На следующий день Сережа сказал: "Нас зовут на мюнхенский танго-фестиваль. Едем?" И конечно, конечно, я бы ответила: "Ты свихнулся? Я не сдала январский номер, в редакции сумасшедший дом, куча дел, спать не успеваю, какой еще фестиваль, только не сейчас". Ясное дело, я бы ответила так, если бы накануне не лила картинные слезы по мюнхенской Пинакотеке.

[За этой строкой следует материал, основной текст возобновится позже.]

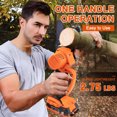 thumbnail image 5 of Mini Chainsaw 6 Inch Cordless, Handheld Portable Electric Chainsaw with Security Lock, 21V Small Power Chain Saws Battery Powered for Tree Trimming Wood Cutting Branch(2 Batteries 2 Chains), 5 of 9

Чего только не происходило за эти десять дней. Я общалась с несчетным количеством людей из разных мест -- пора составлять список стран, в которых хотят комплекты "Искусства", боюсь всех перепутать. Чувствую неожиданно, что мне надо было работать в рекламном отделе, -- глядишь, нас бы и не закрыли. Доделывала материал. Расписывала гонорарки. Опять училась два полных дня с утра до вечера "немассажу", и опять, конечно, произошел этот трюк: сидишь себе тихо, людей трогаешь, а выходишь на улицу и выяснешь, что свою кольчужку, привычный защитный панцирь, ты где-то позабыл. Прочла Дашин текст и почуствовала, как коробочки металлических сейфов (сплав карбида вольфрама, крабида титана и кобольтовая связка, суперпрочная штука, мама такую принесла мне когда-то с работы) матрешкой смыкают переборки вокруг сердца: один, второй, третий, и так до самой поверхности, гладкой поверхности, не морщи лоб, выпрями спину. Ходила нормальной с виду тетечкой, функционировала всеми функциями и все время чувствовала хрупкость этой конструкции, заденьте меня плечом и блызнет. Счастье из меня. Ядерным грибом. Я училась еще летать. Что это отрастает, что трасформируется? Кто я сейчас и где я? Глина в огне? Настраиваемый инструмент? Я ничего не чувствовала, кроме своей оболочки, а потом вдруг оказалось, что я чувствую себя и другого одновременно, а теперь вдруг выяснилось, что я чувствовую объем дома вокруг, его опоры и перегородки, его пустоты, человека напротив, тополь за спиной, ворону, садящуюся на тополь -- опять, опять, наконец-то. Из-за этого же люди рисуют и пишут стихи, да? Из-за невозможности ответить на вопрос "Что ты чувствуешь?" как нормальный человек -- "страх" или "тоску". Что ты чувствешь? -- Я чувствую воздух этого дня, это небо, взрывчатку, лежащую за переборками твоих сейфов. Я иногда рисовала еще в эти дни, если не падала к ночи замертво. Уголь мне никак не дается, ну никак. И мы успели еще со Снорри завезти журналы в хоспис. Мужская палата обещала копить котлеты до следующего Снориного визита. Женщина в палате сразу у холла на Снорри не смотрела и ничего уже не говорила, она все время смотрела мне в глаза, не отрываясь. У нее был такой светлый и открытый взгляд, как будто она уже отчасти не здесь. Ее взгляд все время со мной теперь. Он не "преследует" меня, как обычно говорят про такую историю, -- нет, это счастье, встретиться с таким взглядом и помнить его. Я сдала вчера номер, и через десять дней сдам следующий.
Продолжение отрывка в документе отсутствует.